### Task objective
Your copy of the entries below should hold exactly the lines from the one containing "Гирлянда &laquo;Мишура&raquo; 1.2" to the one containing "LCD Skaitmeninis Volt", inclusive, and no pictures.
Extracted data Start Marker
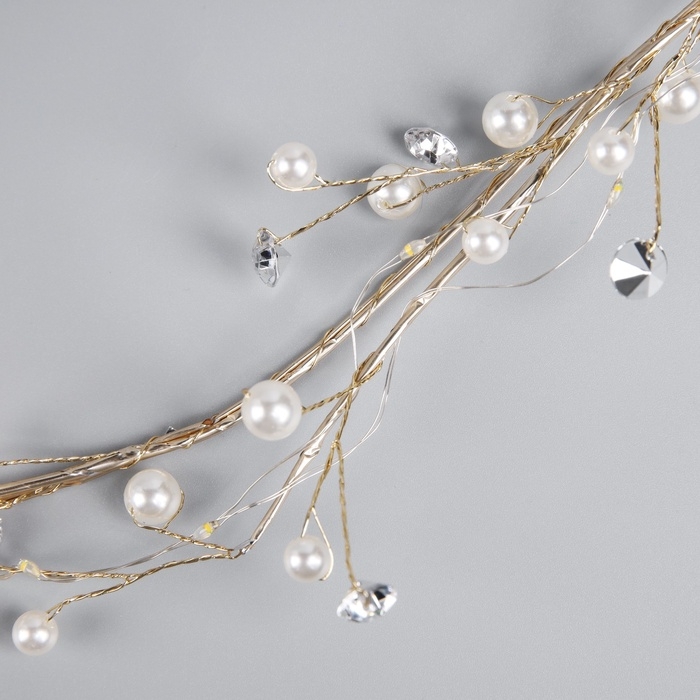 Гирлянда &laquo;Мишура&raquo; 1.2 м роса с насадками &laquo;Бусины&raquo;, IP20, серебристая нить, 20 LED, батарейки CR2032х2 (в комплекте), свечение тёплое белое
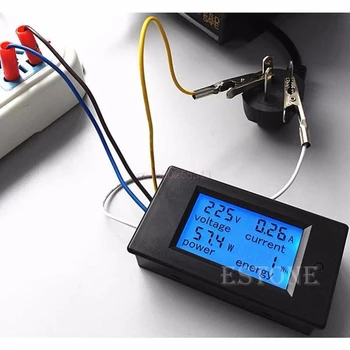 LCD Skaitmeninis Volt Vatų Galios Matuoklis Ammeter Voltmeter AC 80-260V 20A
Extracted data End Marker
Extracted data Start Marker
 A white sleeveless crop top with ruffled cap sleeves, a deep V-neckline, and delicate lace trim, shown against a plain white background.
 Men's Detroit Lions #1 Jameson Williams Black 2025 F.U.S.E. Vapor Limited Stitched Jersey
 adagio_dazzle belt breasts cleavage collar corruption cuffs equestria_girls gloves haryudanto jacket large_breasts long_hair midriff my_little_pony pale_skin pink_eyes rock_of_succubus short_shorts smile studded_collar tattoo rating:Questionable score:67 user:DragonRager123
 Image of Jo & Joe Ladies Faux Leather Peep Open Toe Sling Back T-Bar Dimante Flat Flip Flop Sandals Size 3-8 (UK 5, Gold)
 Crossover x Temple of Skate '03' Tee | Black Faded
Extracted data End Marker
### Expected answer
 Гирлянда &laquo;Мишура&raquo; 1.2 м роса с насадками &laquo;Бусины&raquo;, IP20, серебристая нить, 20 LED, батарейки CR2032х2 (в комплекте), свечение тёплое белое
 LCD Skaitmeninis Volt Vatų Galios Matuoklis Ammeter Voltmeter AC 80-260V 20A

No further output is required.